There is that lesson I get to learn again. I’ve been sifting through all of these things amidst a less than sparkly season, which now I recognize was probably the best albeit harshest way to learn. The process has been less than sparkly for me, and we’re not done yet! I don't want to play it off that I'm all good, new mindset new me, as much as I wish it were that easy I'm a mere mortal and it turns out I suck and sucking with the best of them!
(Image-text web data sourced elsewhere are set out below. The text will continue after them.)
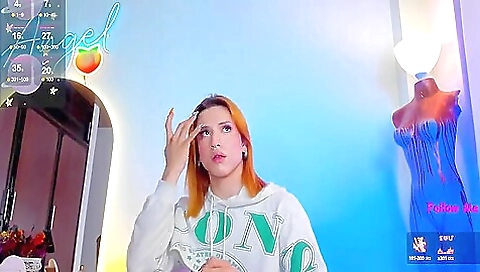 Oiled, tattoo and lingerie blonde wearing a toy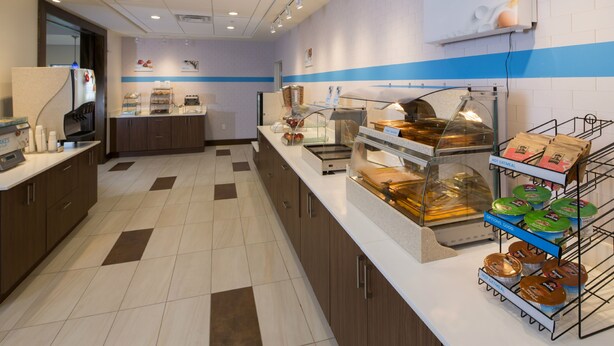 A modern breakfast area with a self-serve station, a microwave, and a display of food options. - Holiday Inn Express & Suites Millersburg by IHG (Millersburg)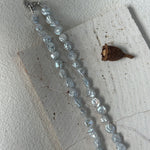 Necklace with blue beads on a textured white surface
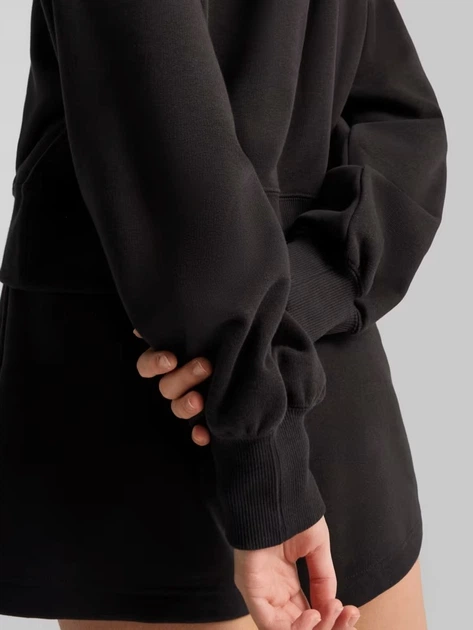 Bluza damska z kapturem Puma Wardrobe Ess Relaxed Cropped Hoodie Tr 62974601 L Czarna (4067983650833) - obraz 4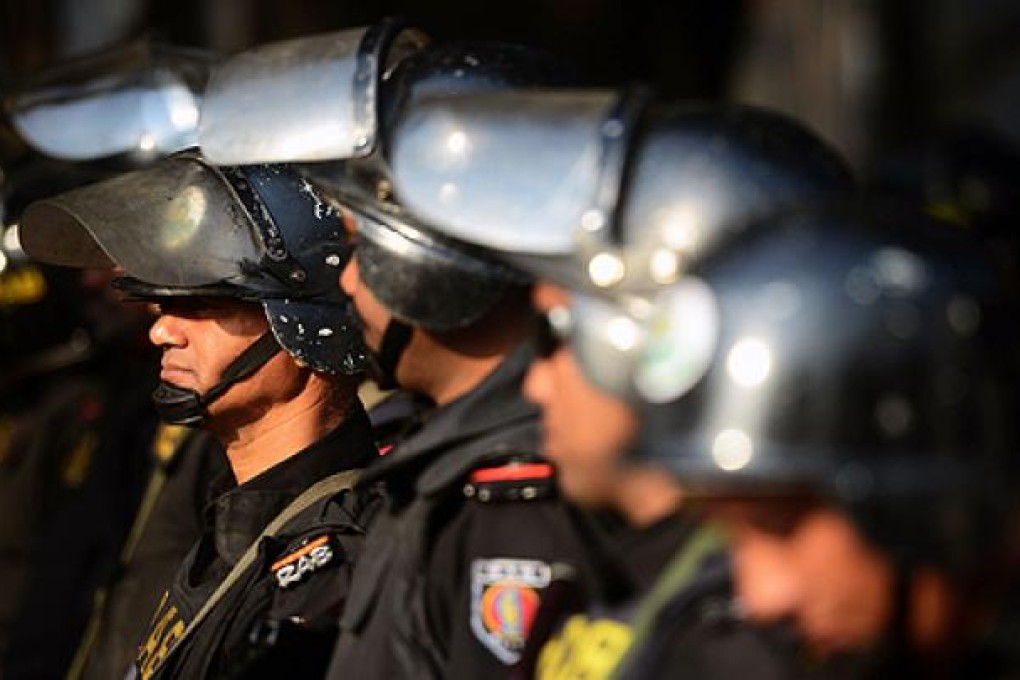 Rapid Action Battalion personnel keep watch outside the International Crimes Tribunal court during a nationwide strike in Dhaka on Tuesday. Photo: AFP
Make Friends with the Monsters


Amidst my process in finding the fun, joy and purpose of it all this year I began (trying) to meditate. I finally tried the thing I’ve truly fought against for a decade, convinced that my A.D.D. would simply not allow it. As I dove in I realized the language behind mediation, it’s called a practice. You practice meditation. There isn’t really a word for someone who is an expert, pro, or even just really good at meditating. I’m sure if you wanted to you could come up with one, but for the most part I noticed that the whole thing was a practice. Regardless if you can sit for 3 hours or 60 seconds, you’re just always practicing and it’s never more than that. My takeaway from this is that no matter how much effort we put in there is no perfection, there is only more effort, more trying. So you might as well make friends with those monsters on your back, the ones adding weight, pressure, holding up that perfect version of yourself you might never be. The monsters aren’t going away, they’re a part of you, the game is knowing how to live in harmony and enjoy the ride together.